A process can be associated with more than one UID. The two main ones are the "real UID" which identifies who owns the process and the "effective user UID" which identifies what user's permissions the process currently operates under*.

"setuid" in this context refers to a file permission bit (it is also the name of a related system call). When it is set on an executable file and that file is executed then the "effective UID" is changed to the owner of the file. This means that the program runs with the permissions of it's owner rather than the permissions of the user that ran it.

When we say an executable file "is setuid root" then we mean it has the setuid bit set and is owned by the user 0 (root). So it will run with an effective UID of 0 and can basically do whatever it wants.

The "real UID" remains the same, so the program can identify the user that ran it and can switch back to that user if desired.

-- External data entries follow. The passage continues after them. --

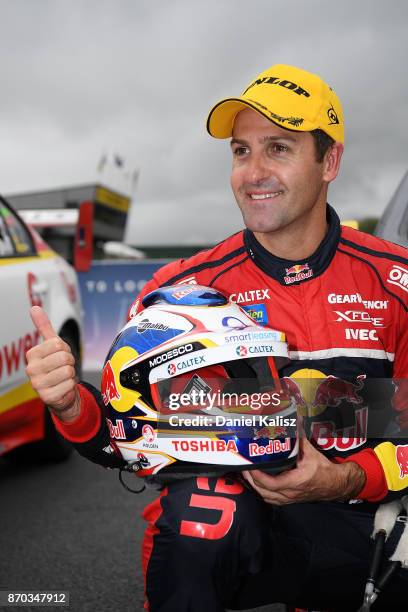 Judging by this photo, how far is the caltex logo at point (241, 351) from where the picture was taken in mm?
1649

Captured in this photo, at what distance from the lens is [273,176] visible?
2.14m

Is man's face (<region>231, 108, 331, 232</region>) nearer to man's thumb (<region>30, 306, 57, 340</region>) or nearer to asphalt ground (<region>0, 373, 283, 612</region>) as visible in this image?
man's thumb (<region>30, 306, 57, 340</region>)

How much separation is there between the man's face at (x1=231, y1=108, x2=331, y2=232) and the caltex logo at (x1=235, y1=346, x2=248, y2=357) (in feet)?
1.90

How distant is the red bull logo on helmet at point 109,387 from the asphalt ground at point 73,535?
1149 millimetres

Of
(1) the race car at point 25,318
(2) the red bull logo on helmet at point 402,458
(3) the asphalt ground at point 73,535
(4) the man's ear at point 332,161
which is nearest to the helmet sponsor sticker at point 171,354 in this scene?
(2) the red bull logo on helmet at point 402,458

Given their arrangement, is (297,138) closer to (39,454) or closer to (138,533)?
(138,533)

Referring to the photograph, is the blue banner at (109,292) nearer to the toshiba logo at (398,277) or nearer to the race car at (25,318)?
the race car at (25,318)

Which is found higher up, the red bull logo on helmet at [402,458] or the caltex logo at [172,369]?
the caltex logo at [172,369]

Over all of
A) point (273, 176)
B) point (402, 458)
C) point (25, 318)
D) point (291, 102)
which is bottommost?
point (25, 318)

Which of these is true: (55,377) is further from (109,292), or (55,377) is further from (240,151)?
(109,292)

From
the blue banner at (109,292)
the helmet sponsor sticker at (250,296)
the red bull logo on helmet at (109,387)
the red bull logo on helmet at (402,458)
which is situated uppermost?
the helmet sponsor sticker at (250,296)

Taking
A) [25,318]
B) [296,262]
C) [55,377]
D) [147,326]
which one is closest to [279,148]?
[296,262]

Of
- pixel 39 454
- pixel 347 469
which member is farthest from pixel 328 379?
pixel 39 454

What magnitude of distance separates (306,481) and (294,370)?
0.46 meters
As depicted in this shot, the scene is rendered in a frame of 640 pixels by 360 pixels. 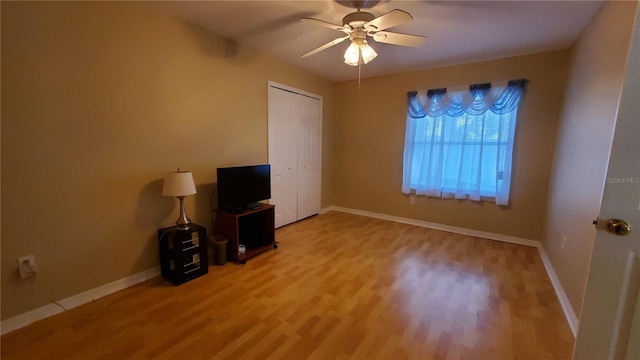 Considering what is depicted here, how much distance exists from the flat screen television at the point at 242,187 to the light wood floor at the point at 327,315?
63cm

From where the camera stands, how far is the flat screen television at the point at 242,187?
269cm

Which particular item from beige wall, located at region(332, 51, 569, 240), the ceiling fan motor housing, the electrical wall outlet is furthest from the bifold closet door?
the electrical wall outlet

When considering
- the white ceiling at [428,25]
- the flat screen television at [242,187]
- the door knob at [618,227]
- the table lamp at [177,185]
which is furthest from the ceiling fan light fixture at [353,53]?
the door knob at [618,227]

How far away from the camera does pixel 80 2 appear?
1.82 m

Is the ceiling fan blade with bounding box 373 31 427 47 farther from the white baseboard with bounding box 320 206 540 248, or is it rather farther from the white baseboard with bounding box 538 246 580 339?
the white baseboard with bounding box 320 206 540 248

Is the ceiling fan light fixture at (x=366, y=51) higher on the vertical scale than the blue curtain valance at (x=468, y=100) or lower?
higher

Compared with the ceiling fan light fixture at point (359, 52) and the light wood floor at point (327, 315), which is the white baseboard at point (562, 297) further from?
the ceiling fan light fixture at point (359, 52)

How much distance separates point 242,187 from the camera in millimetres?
2875

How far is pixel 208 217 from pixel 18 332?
4.93 ft

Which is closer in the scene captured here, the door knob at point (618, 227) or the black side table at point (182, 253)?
the door knob at point (618, 227)

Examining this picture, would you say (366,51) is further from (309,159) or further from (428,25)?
(309,159)

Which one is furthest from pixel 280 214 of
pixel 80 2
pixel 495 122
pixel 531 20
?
pixel 531 20

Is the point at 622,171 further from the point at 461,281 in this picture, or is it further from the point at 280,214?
the point at 280,214

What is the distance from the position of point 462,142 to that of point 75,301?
438 centimetres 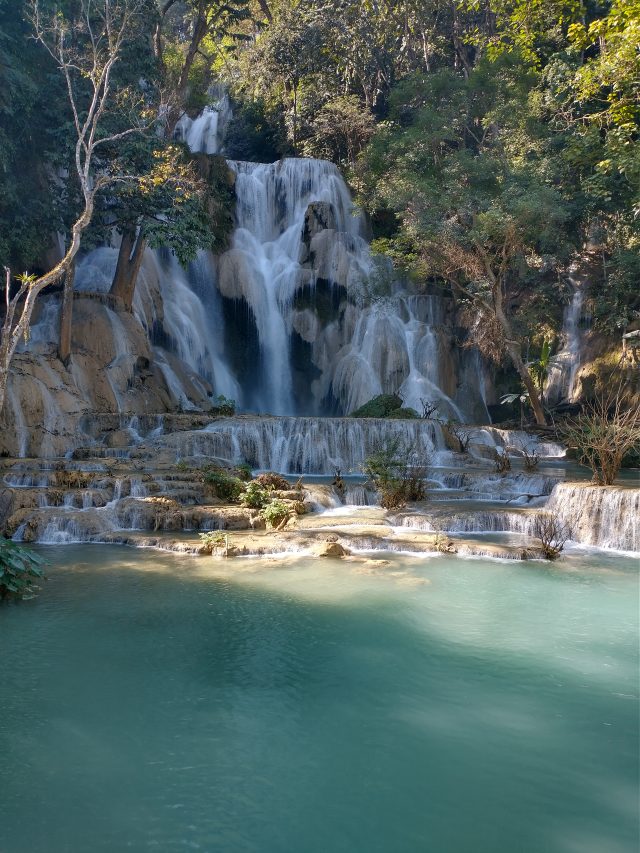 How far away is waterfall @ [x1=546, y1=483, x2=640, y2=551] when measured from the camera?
423 inches

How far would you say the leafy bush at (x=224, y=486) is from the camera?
41.8ft

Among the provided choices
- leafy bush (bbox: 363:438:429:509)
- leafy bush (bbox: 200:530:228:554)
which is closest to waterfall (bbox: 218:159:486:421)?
leafy bush (bbox: 363:438:429:509)

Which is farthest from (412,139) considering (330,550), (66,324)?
(330,550)

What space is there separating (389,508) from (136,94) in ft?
43.3

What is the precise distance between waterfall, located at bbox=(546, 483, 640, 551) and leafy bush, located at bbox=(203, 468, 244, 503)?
17.2 ft

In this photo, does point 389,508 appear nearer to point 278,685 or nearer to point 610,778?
point 278,685

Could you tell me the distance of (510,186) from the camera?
20.5 meters

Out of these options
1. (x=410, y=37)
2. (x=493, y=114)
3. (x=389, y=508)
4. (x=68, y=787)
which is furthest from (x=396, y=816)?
(x=410, y=37)

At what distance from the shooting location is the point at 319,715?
5.22 meters

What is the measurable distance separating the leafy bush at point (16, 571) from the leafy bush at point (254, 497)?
15.1 ft

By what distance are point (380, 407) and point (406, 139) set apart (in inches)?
378

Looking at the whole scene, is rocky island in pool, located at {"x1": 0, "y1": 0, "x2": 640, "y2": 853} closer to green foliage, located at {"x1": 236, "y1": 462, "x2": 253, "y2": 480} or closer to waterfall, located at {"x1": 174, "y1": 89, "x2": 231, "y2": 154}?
green foliage, located at {"x1": 236, "y1": 462, "x2": 253, "y2": 480}

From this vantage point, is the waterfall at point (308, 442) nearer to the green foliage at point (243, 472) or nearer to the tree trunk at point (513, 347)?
the green foliage at point (243, 472)

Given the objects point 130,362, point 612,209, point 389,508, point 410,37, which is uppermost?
point 410,37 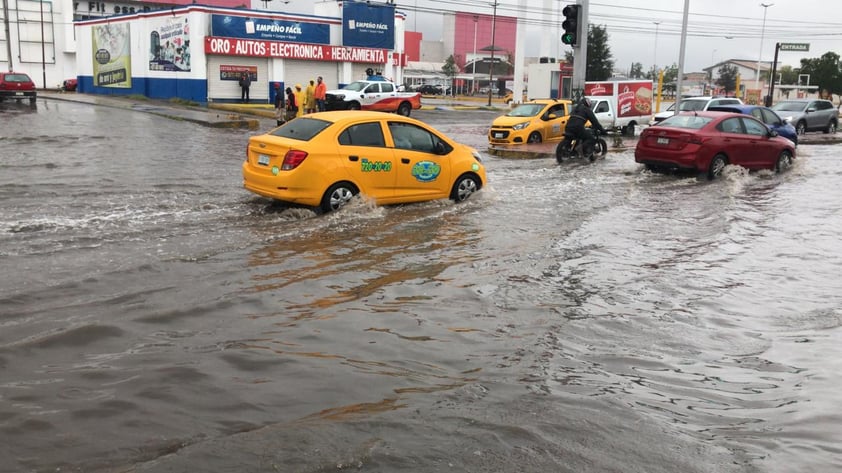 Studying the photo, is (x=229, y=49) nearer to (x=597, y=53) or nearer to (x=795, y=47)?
(x=597, y=53)

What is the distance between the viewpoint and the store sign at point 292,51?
4159 cm

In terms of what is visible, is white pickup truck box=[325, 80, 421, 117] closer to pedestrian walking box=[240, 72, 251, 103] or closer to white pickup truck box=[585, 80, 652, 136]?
pedestrian walking box=[240, 72, 251, 103]

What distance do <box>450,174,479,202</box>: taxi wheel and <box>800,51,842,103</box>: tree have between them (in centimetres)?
7053

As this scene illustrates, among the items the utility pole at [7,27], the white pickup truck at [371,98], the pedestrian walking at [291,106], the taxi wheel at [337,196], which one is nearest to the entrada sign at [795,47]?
the white pickup truck at [371,98]

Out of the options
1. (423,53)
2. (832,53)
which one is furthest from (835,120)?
(423,53)

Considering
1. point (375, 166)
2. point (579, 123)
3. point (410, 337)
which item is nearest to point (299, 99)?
point (579, 123)

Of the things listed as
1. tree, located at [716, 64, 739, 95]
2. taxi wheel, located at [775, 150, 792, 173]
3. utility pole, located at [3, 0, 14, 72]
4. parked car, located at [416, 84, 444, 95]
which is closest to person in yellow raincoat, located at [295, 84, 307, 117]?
taxi wheel, located at [775, 150, 792, 173]

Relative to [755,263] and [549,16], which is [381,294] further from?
[549,16]

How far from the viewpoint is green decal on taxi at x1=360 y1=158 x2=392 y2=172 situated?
11.1m

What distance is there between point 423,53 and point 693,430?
127 m

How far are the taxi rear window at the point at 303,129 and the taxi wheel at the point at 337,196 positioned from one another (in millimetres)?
805

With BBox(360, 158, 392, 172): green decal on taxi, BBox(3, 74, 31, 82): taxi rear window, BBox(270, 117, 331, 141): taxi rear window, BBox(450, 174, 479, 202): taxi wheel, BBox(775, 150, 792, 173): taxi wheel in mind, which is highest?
BBox(3, 74, 31, 82): taxi rear window

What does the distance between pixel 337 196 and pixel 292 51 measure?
117 feet

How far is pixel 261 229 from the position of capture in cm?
986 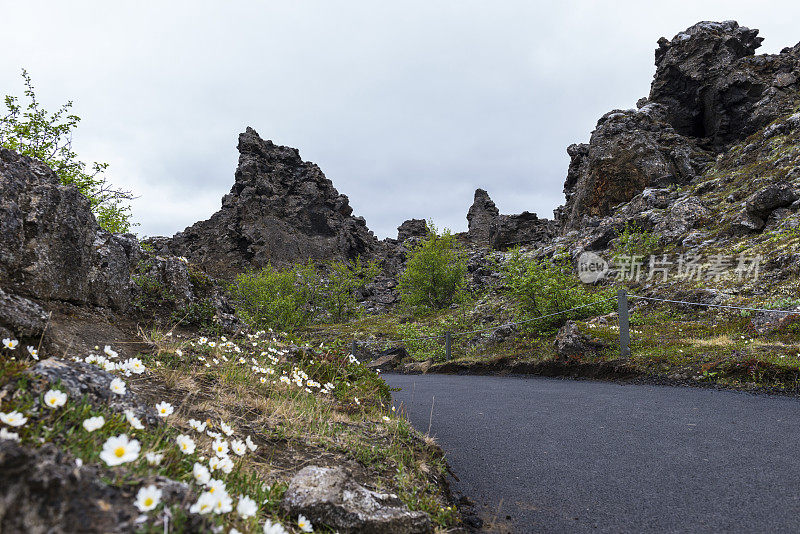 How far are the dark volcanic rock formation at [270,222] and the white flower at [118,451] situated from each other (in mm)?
77696

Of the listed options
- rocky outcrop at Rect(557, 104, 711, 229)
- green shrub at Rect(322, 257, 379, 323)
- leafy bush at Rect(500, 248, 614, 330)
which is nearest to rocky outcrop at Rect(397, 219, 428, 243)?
green shrub at Rect(322, 257, 379, 323)

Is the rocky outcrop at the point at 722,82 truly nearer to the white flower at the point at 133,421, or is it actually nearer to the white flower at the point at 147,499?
the white flower at the point at 133,421

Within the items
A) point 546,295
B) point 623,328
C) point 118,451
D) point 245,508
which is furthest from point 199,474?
point 546,295

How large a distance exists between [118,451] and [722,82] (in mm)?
58211

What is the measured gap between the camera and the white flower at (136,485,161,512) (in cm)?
156

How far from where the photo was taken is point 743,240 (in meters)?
18.9

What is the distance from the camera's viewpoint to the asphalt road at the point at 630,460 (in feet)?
10.7

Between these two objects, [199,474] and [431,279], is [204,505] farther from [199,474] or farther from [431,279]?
[431,279]

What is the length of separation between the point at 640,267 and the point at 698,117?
3601cm

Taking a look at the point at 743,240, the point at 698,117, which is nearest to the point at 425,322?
the point at 743,240

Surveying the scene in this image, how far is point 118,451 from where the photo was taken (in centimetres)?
176

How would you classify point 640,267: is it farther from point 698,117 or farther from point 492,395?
point 698,117

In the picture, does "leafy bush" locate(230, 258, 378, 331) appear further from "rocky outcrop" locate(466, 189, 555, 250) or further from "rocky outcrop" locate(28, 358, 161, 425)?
"rocky outcrop" locate(28, 358, 161, 425)

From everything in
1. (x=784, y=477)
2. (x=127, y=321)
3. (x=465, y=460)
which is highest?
(x=127, y=321) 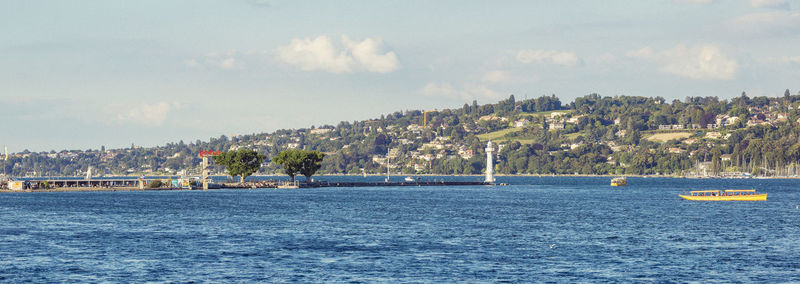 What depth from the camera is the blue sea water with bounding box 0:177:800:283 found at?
180 ft

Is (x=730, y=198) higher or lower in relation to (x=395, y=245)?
higher

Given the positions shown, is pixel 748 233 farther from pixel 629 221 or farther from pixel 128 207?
pixel 128 207

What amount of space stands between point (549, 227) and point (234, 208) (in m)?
48.4

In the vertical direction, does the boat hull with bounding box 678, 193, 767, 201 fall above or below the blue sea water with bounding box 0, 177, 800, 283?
above

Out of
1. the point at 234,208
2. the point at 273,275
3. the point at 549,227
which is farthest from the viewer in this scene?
the point at 234,208

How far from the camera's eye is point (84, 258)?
203 ft

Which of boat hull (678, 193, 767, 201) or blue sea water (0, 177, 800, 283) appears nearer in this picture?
blue sea water (0, 177, 800, 283)

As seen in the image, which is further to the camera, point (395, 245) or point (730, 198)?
point (730, 198)

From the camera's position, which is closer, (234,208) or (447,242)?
(447,242)

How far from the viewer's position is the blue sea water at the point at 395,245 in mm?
54875

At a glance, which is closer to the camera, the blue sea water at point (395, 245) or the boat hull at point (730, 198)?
the blue sea water at point (395, 245)

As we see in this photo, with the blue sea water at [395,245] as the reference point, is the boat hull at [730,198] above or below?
above

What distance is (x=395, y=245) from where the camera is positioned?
231 feet

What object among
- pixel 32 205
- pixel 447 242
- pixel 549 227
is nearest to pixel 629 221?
pixel 549 227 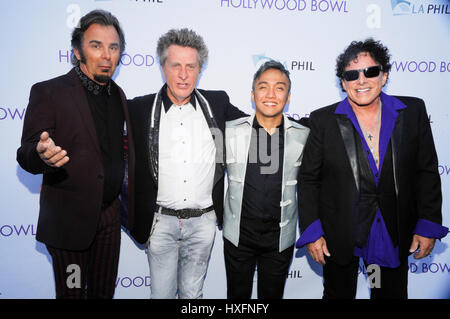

setuid programs are/were an important part of unix systems allowing functionality to be exposed to users where the function as a whole is considered safe for the user to use but the building blocks used to implement those functions are not.

However they are also risky, a small mistake in a setuid program can easily expose more than was meant to be exposed. Various debugging related features are also disabled for setuid programs to prevent them being used to bypass the restrictions.

In recent times Linux systems have been replacing some uses of "setuid" with a new mechanism called "capabilities" which allows for finer-grained allocation of special privileges to programs.